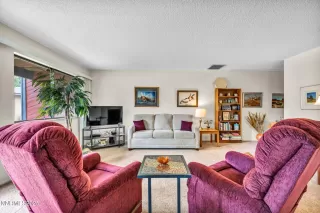 Photo #5: 250056517 Listing 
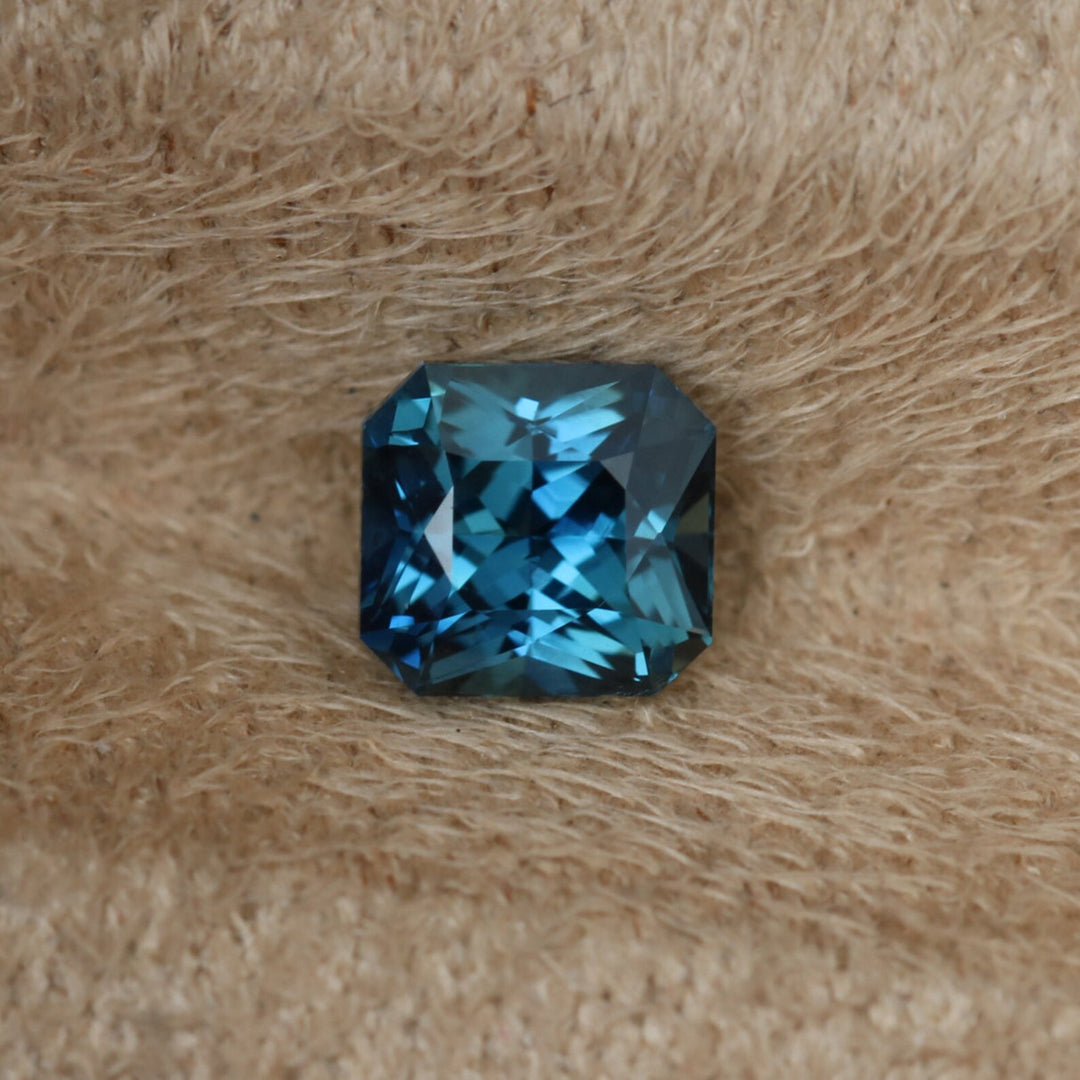 0.98 Ct Asscher Cut Bi-Color Teal Green Sapphire, 5.2mm x 5.0mm x 3.8mm By Valley Rose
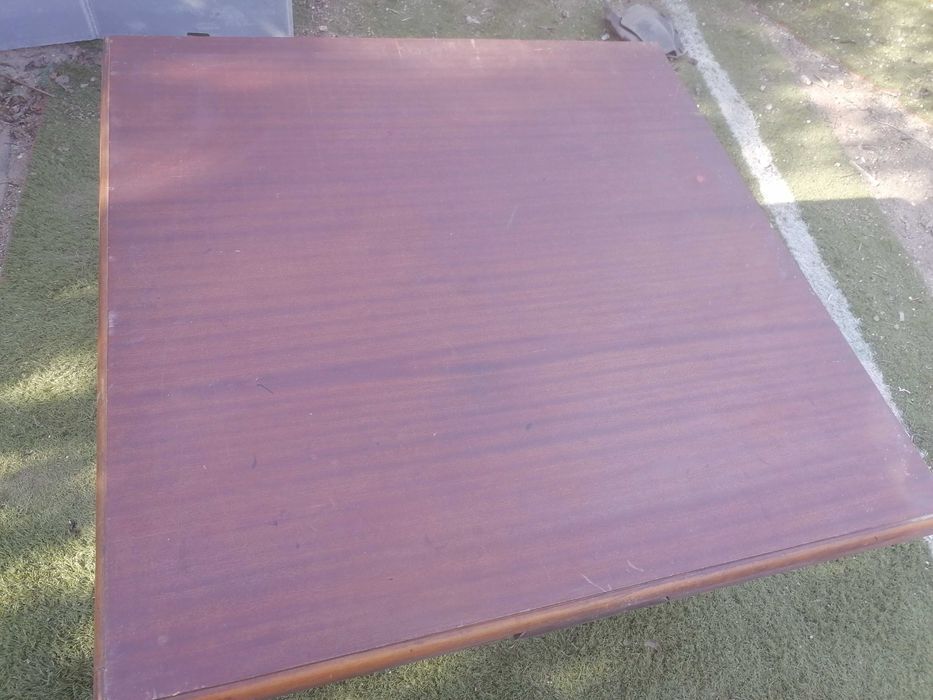 Mesa de madeira em bom estado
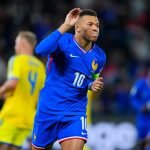 Foto: 1 de 1 Mbappé comemorando gol pela França contra a Ucrânia pelas Eliminató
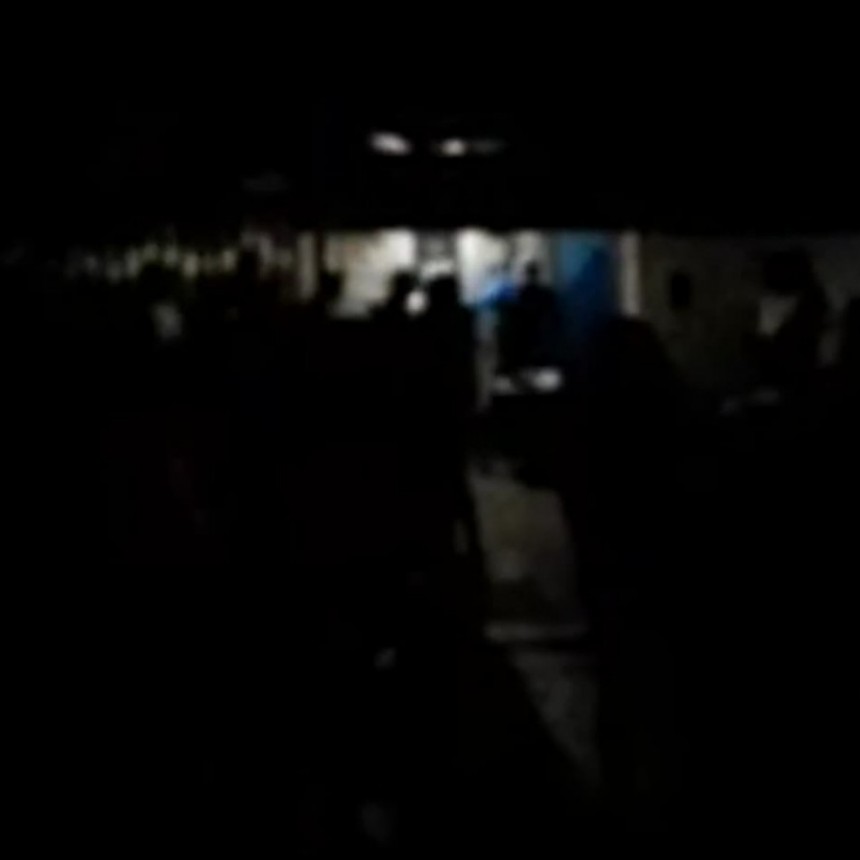 Ahora: Un nutrido grupo de trabajadores le pide la renuncia a Luis Pérez en la puerta del sindicato de la carne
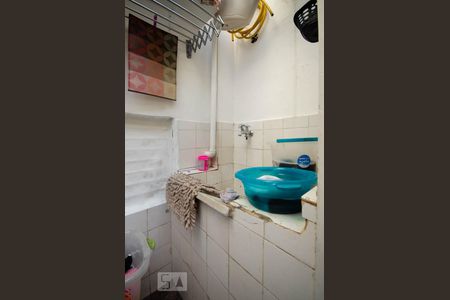 Apartamento à venda com 80m², 2 quartos e sem vaga Apartamento à venda com 80m², 2 quartos e sem vagaÁrea de serviço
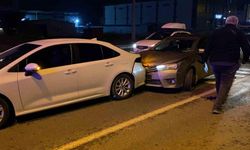 Zincirleme kaza : 1’i çocuk 5 yaralı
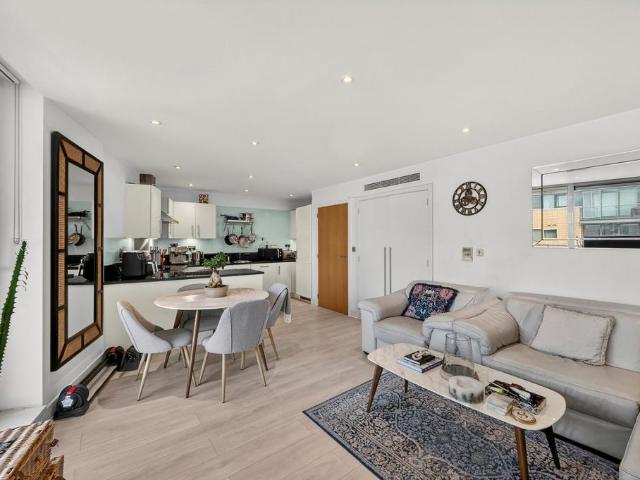 Flat for sale in London Borough of Newham, Greater London
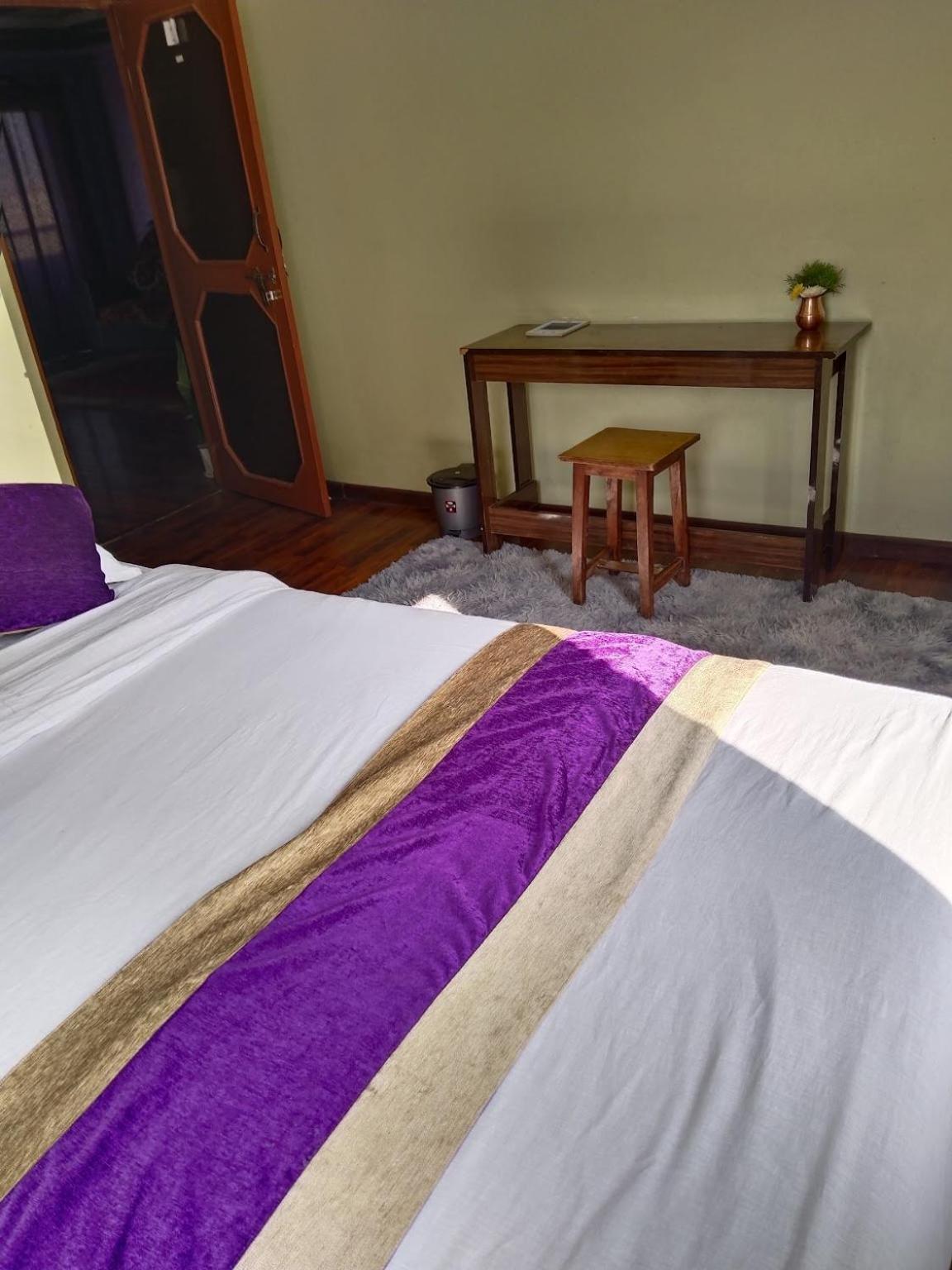 Kathmandu Airport View Hotel And Lodge Экстерьер фото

┄┄┄┄┄┄┄┄┄┄┄┄┄┄┄┄┄┄┄┄

Work task.
Exactly the lines from the start of the entries above through the line with "Ahora: Un nutrido" should be reproduced, and nothing else; drop the pictures.

Task solution.
 Photo #5: 250056517 Listing 
 0.98 Ct Asscher Cut Bi-Color Teal Green Sapphire, 5.2mm x 5.0mm x 3.8mm By Valley Rose
 Mesa de madeira em bom estado
 Foto: 1 de 1 Mbappé comemorando gol pela França contra a Ucrânia pelas Eliminató
 Ahora: Un nutrido grupo de trabajadores le pide la renuncia a Luis Pérez en la puerta del sindicato de la carne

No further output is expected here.